PPPS for a take on the ridiculous lengths taken to protect sponsors’ interests around the games, see Ray Corrigan’s post on Olympics Rights and Wrongs. You may also find the London 2012 Marketing Media Guide amusing..

PPPPS From The Independent: Britain flooded with ‘brand police’ to protect sponsors:

Hundreds of uniformed Olympics officers will begin touring the country today enforcing sponsors’ multimillion-pound marketing deals, in a highly organised mission that contrasts with the scramble to find enough staff to secure Olympic sites.

Wearing purple caps and tops, the experts in trading and advertising working for the Olympic Delivery Authority (ODA) are heading the biggest brand protection operation staged in the UK. Under legislation specially introduced for the London Games, they have the right to enter shops and offices and bring court action with fines of up to £20,000.

Purple caps and tops? Another Perfect Curveball surely?

P5S Episode 2 of series 1 of Twenty Twelve featured a chaotic attempt at taking overseas dignitaries to the Olympic Park by coach (GPS failure, roadworks, etc etc… you can imagine it..) And then today, via @daveyp, this story: London 2012: Olympic arrivals ‘lost’ on bus for four hours:

A media shuttle bus also had difficulty finding its destination. The double decker, travelling from Russell Square to the Olympic Park in Stratford, pulled over 30 minutes into its journey. The driver said: “Sorry about this.”

He then got out a map, before performing a U-turn and quickly getting back on the correct route.

Author: Tony Hirst

I'm a Senior Lecturer at The Open University, with an interest in #opendata policy and practice, as well as general web tinkering...

9 thoughts on “I Can No Longer Distinguish Fact From Satire…”

    1. @teraknor I saw it more along the lines of making public facts that are typically hidden or ignored becuase of the embarrassment caused if they were made public, which is more in the spirit of Emperor’s New Clothes foolery?

  1. yes thanks a lot for all that everybody

    The difference between Thick of It and 2012 is that the former was clever and coarse, the latter is clever and funny.
    2012 is not really about the Olympics – that’s just the “sit” of its sitcom; it is rather a note-perfect satire on the risible lingua franca of contemporary PR speak, and how it has bled into a public sector desperate to appear “modern” and go-getting.
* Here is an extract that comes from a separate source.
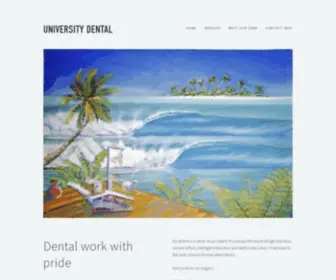 Universitydental.com.au(University Dental) Screenshot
The depiction of meetings in the series is an excruciating scream to all who have had to sit through similar – thinly-veiled resentments,bitchiness and back-stabbing glossed into a veneer of evenhanded PCness.
    As in any good sitcom, each character has their own catch-phrase (“it’s all good”, “not a problem”), except Siobhan Sharp – who has a gallery of ’em. The idea-shower sit-downs at Perfect Curve would merit a spin-off series of their own.

    2012 is so,like,basically, an unalloyed joy.
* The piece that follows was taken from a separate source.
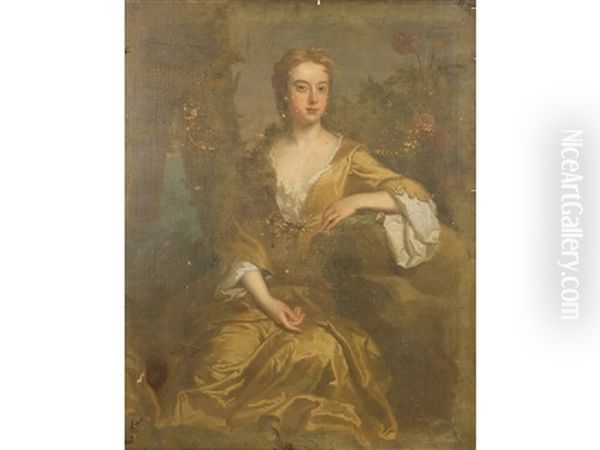 A Portrait Of A Lady, Said To Be Lady Daines by Jonathan Richardson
  2. The following was in a column in today’s (July 24) National Post (a Toronto daily): “Given that the London Olympic Committee, run by Sebastian Coe and Mayor Boris Johnson had years to prepare, I’d like to know how busloads of hungry and tired athletes were lost for up to four hours on the main arterial highway, the M4, en route to the Olympic Village.”

    This recalls an earlier episode of Twenty Twelve in which a Brazilian delegation being taken to the Olympic site gets hopelessly mired in traffic and in the end gets only a quick drive by. What else will we discover that this outstanding series has foretold?

  3. I thought that 2012 was a recent show, but more alarmed and tickled pink to find out it was created years ago and how on the head have they hit nearly every point, with hilarious dipiction. it is truely a blur of reality and fiction which makes it even funnier and again alarming. ‘way to go’! surely another series following the events during and a 3rd series after on sustainability!!